By the same process that causes attorneys’ boilerplate to grow over time–they borrow “good” ideas from other attorneys but never weed out redundant or obsolete clauses–the list of restraining orders that family court judges impose on parents continues to grow.
Since many local family court judges treat violations of these restraining orders as criminal contempt–and send parents to jail as a sanction–this becomes even more problematic. The fear of living under such well intentioned but poorly devised restraining orders is not the primary reason I remain married to my baby mama–it does, however, provide strong incentive. I’d be violating these orders routinely.
A recent custody case provides numerous examples of such ill conceived restraints:
Both parties shall refrain from exposing each minor child to any immoral, unlawful, or otherwise inappropriate conduct, circumstances, or places.
If the judge who issued this order knows what it intends, I applaud him. Shielding a child from “immoral” or “unlawful” “conduct,” likely limits that child to watching movies or television shows, or reading books, aimed at toddlers. The Bible, a favorite book of South Carolina Family Court judges, is filled with immoral and inappropriate conduct. That God is often smiting folks for such conduct, or Jesus preaching against such conduct, would not obviate the violation contained by this restraint.

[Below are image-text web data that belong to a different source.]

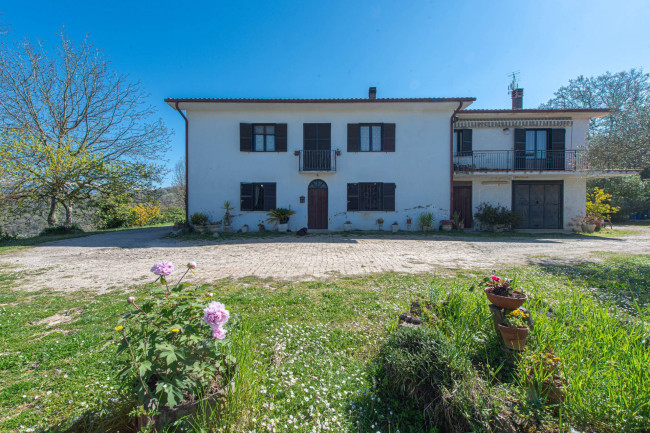 Villa in Fontana Liri - view 1
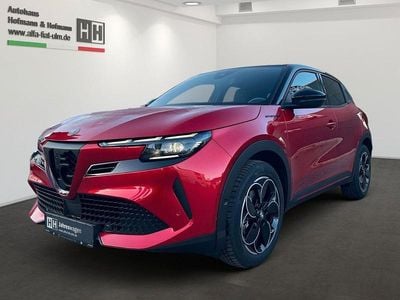 Gebraucht Alfa Romeo GT Junior Edizione Speciale 114 kW (156 PS) 2025 Rot Limousine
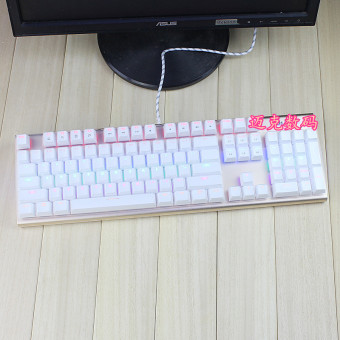 Gambar Nol mekanik keyboard desktop yang film pelindung penutup debu set m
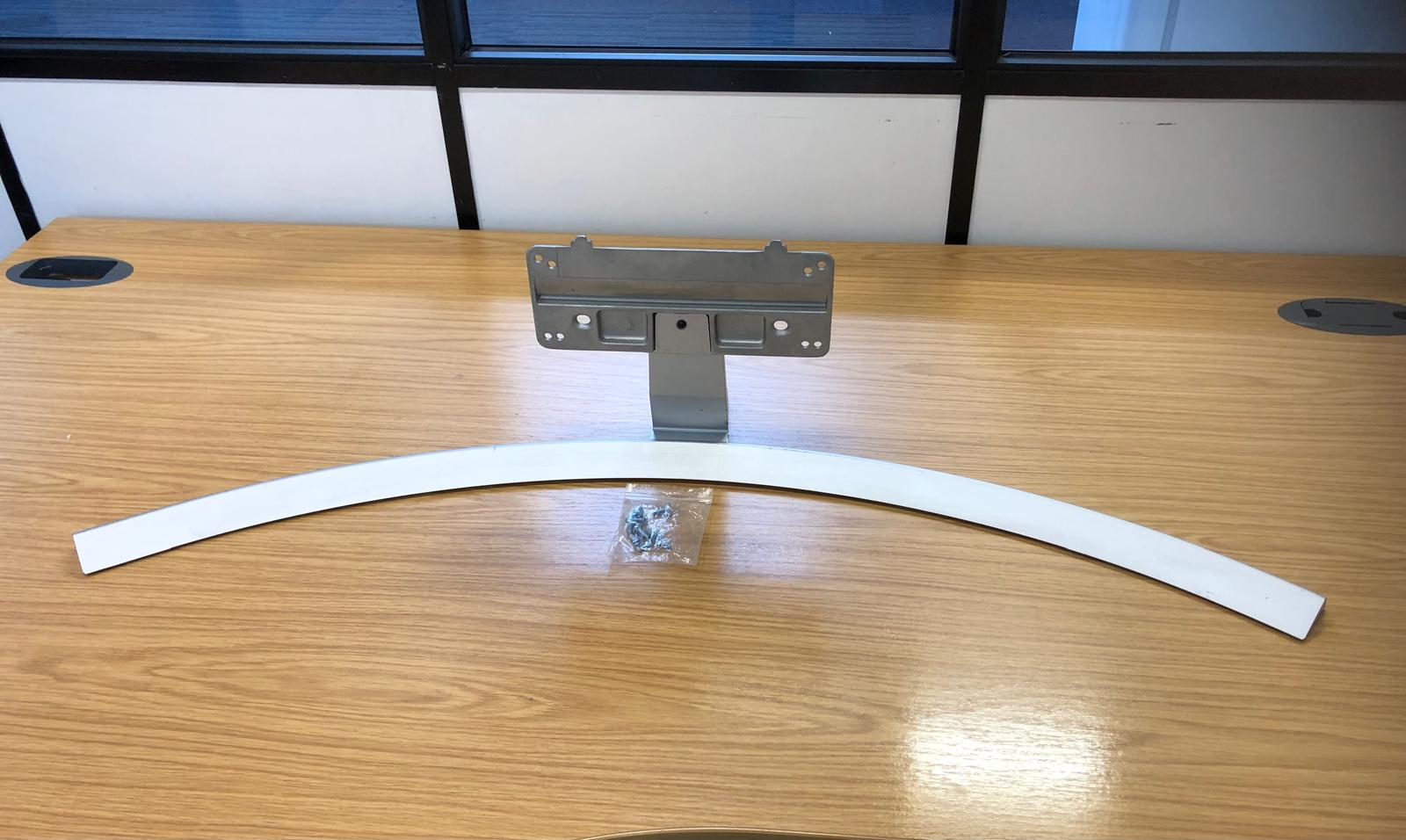 LG Genuine Stand Base 60UH770V, 65UH770V plus Screws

Further, many families have members who engage in immoral or inappropriate conduct. Is that child to be shielded from his or her extended family? Unless one is willing to risk jail, I assume the answer is yes.
Finally, is is the court’s intention to hold parents in contempt for driving over the speed limit or doing California Stops with the children in their vehicle? If this is the case, private investigation has tremendous growth potential within our state.

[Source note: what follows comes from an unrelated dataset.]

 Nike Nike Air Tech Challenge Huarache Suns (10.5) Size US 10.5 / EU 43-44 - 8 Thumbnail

Neither party shall expose each minor child to violent conduct.
Again the Bible–filled with violent conduct. Practically any non G-rated movie contains some violent conduct. The Star Wars movies, favorites of the grade school crowd, feature numerous instances of mass genocide. I don’t believe family court judges intend to incarcerate parents for allowing their children to read the Bible–however they need to draft better restraining orders.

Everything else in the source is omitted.